WHAT TO WORK ON: Would you transcribe the entries below, beginning at the line with "LIGE Orologio Uomo" and ending after the line with "Pope Francis delivers", exactly, with no picture and nothing more?

SUPPLIED MATERIAL:
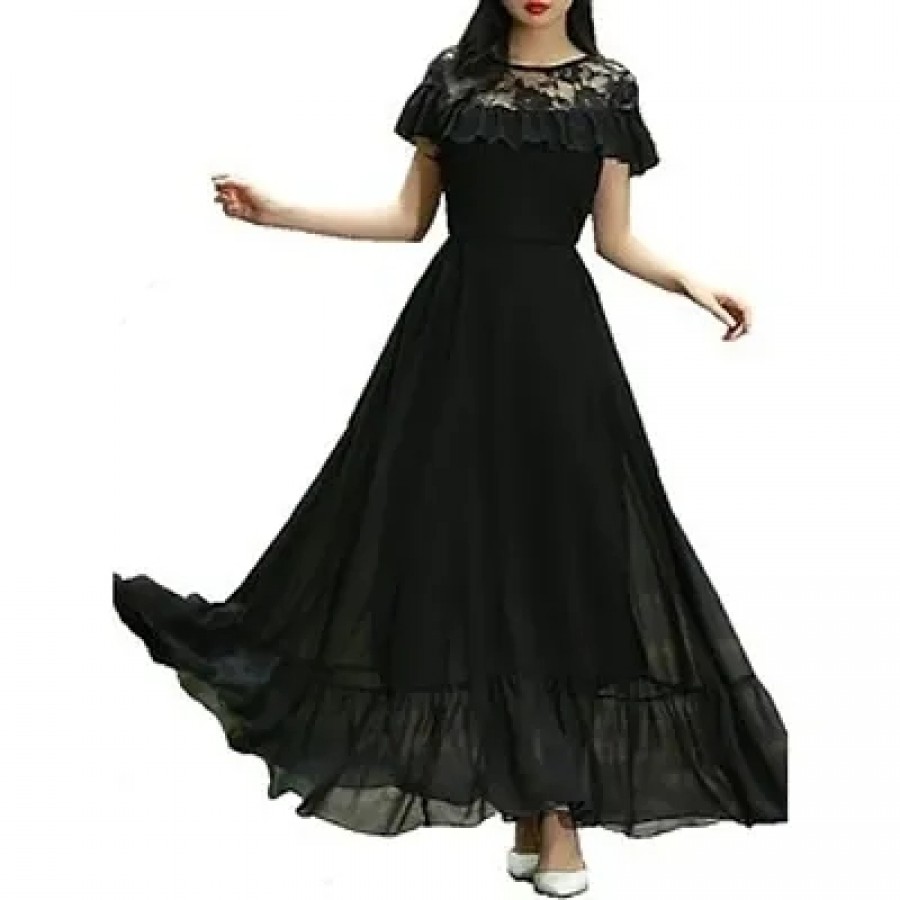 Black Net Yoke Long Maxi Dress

--

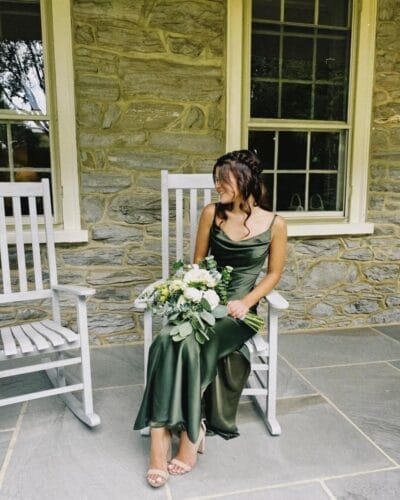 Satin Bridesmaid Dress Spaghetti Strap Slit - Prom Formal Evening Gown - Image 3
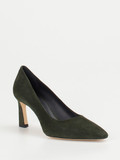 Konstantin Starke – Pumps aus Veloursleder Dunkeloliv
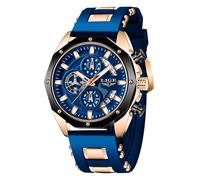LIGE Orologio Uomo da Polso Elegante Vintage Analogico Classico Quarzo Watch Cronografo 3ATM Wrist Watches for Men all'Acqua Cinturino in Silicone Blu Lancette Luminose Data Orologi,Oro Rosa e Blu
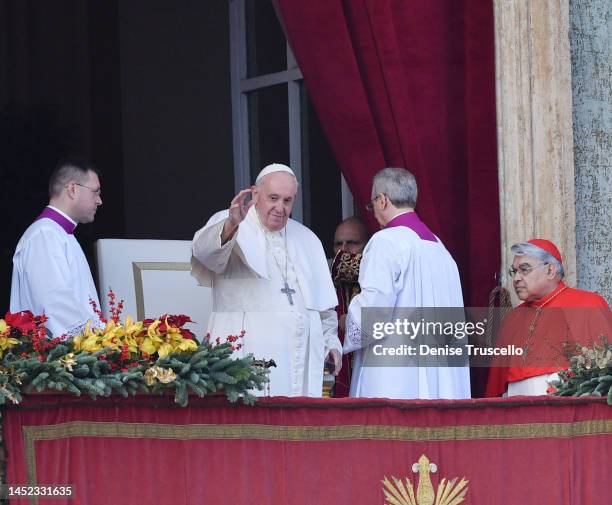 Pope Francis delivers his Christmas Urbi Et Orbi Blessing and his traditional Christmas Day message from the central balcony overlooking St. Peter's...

---

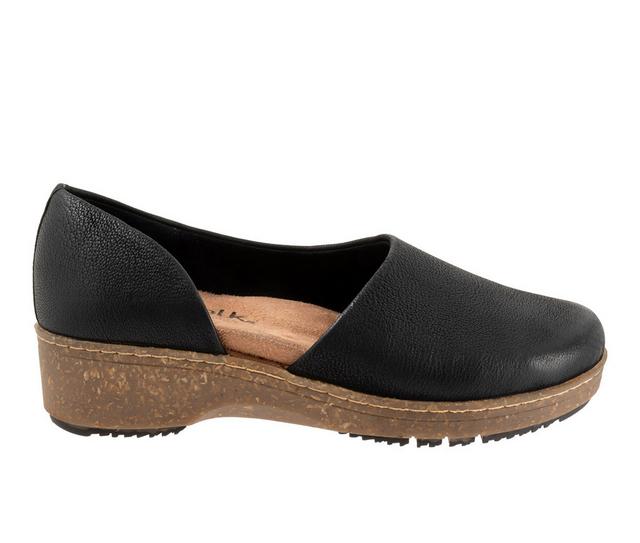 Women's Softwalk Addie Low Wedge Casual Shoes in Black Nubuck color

WRITTEN RESPONSE:
LIGE Orologio Uomo da Polso Elegante Vintage Analogico Classico Quarzo Watch Cronografo 3ATM Wrist Watches for Men all'Acqua Cinturino in Silicone Blu Lancette Luminose Data Orologi,Oro Rosa e Blu
 Pope Francis delivers his Christmas Urbi Et Orbi Blessing and his traditional Christmas Day message from the central balcony overlooking St. Peter's...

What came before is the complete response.